Task to carry out → Print exactly the lines below between the line containing "Дерен белый Элегантиссима" and the line containing "Uloma tenebrionoides", counting both of those lines. Leave pictures out.

===== Data records =====

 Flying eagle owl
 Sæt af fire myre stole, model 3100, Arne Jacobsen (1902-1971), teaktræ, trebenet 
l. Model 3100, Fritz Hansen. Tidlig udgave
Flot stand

=====
===== Data records =====

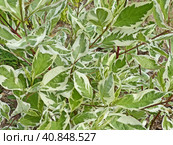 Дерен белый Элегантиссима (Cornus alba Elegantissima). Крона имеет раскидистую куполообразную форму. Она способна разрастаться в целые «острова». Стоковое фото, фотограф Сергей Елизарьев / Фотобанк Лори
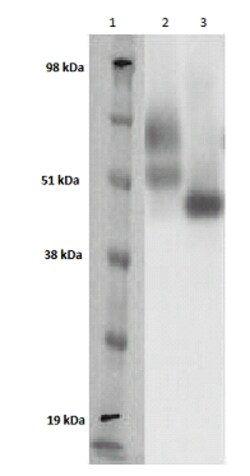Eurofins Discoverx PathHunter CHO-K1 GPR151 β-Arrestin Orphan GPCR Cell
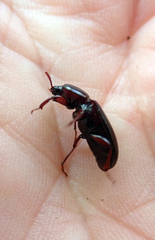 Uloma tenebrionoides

=====

Solution to this problem →
 Дерен белый Элегантиссима (Cornus alba Elegantissima). Крона имеет раскидистую куполообразную форму. Она способна разрастаться в целые «острова». Стоковое фото, фотограф Сергей Елизарьев / Фотобанк Лори
Eurofins Discoverx PathHunter CHO-K1 GPR151 β-Arrestin Orphan GPCR Cell
 Uloma tenebrionoides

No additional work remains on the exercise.